Las personas privadas de libertad no dejan nunca de ser personas, y por tanto deben ser tratadas como tales. El Estado salvadoreño, según la Constitución de la República y mientras no la cambien, está al servicio de la persona humana. A los encarcelados se les restringe la libertad, dado que se les acusa de haber abusado de ella en perjuicio de otros ciudadanos, pero no se les priva de otros derechos. Continúan con el derecho a la integridad física, a la salud, a la alimentación, a la defensa legal, a la visita familiar y a la rehabilitación, entre otros derechos básicos. Si están bajo control del Estado en las prisiones, a las autoridades les corresponde respetar esos derechos. Sin embargo, hay bastante evidencia de que no se respetan entre los 80 mil detenidos durante el régimen de excepción. La ciudadanía debe exigir al Estado que cumpla con la Constitución y con los tratados internacionales relativos al respeto a la persona humana y sus derechos. Por malvados que hayan sido, los privados de libertad no dejan de ser personas. Y además no todos son malvados, ni lo son en la misma dimensión. Y con el régimen de excepción el número de inocentes en nuestras cárceles ha aumentado considerablemente. Por todo ello es importante recordar los derechos de los privados de libertad.

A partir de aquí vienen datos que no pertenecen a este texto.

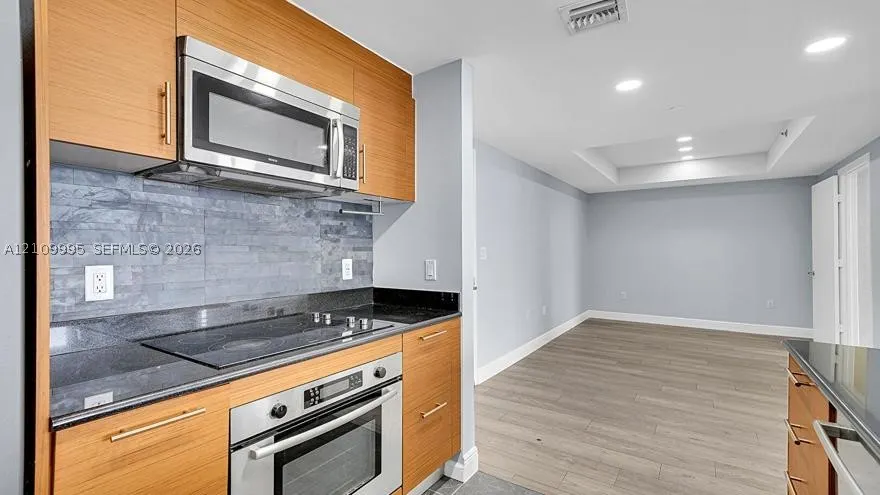 50 Biscayne Blvd #5406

Un derecho básico es el de la alimentación. Que esta sea insuficiente y que se obligue a las familias de los presos a pagar por un complemento alimentario es injusto. Que se bloquee la visita familiar y que incluso se niegue la información sobre la situación de los detenidos es escandaloso e inhumano. Que no tengan en la práctica acceso a una defensa es una violación grave de los derechos fundamentales y constitucionales. Juzgarlos en grandes cantidades y en audiencias masivas es una aberración jurídica. Mantener arbitrariamente muchos meses sin juicio a las personas detenidas está reñido con las dimensiones más básicas de la justicia. Cuando de la parte gubernamental se dice que las estrategias de seguridad han sido “implementadas de una manera técnica y con una mínima afectación a derechos”, se está mintiendo. Porque no es mínima afectación que más de 7 mil personas, según declaraciones oficiales, hayan estado detenidas, muchas de ellas durante meses, y hayan finalmente sido liberadas por el hecho de ser inocentes. Perdieron sus trabajos, estuvieron en condiciones horribles y quedaron desacreditadas ante personas con prejuicios, que desgraciadamente suelen abundar.
Las leyes de protección de derechos no son caprichos de ONG ni de personas que viven bien y no conocen la gravedad de los delitos cometidos por los privados de libertad. Al contrario, los derechos humanos nacen para proteger de todo trato cruel e inhumano. Y nacen de lo mejor de la humanidad; personas que conociendo las dificultades de la vida, buscan una sociedad donde se dé oportunidad de rehabilitación a todos. Y en ese sentido, nada hay mejor para rehabilitar que tratar con humanidad a las personas justamente castigadas por sus delitos. En 2007, los obispos de América Latina reunidos en Aparecida, Brasil, decían que les dolía “la situación inhumana en que vive la gran mayoría de los presos, que también necesitan de nuestra presencia solidaria y de nuestra ayuda fraterna”. Son efectivamente los más preocupados por el desarrollo solidario de la humanidad y las religiones los que buscan que no se cometan injusticias con los privados de libertad. Y son también los que saben que causar el máximo dolor posible a quienes han hecho sufrir solo consigue multiplicar el sufrimiento. Una posición muy diferente a la de aquellos que no les importa castigar masivamente a culpables e inocentes por el simple hecho de vivir en una zona o que prefieren eliminar leyes y prácticas de control de los abusos para asegurar el sufrimiento máximo de lo detenidos.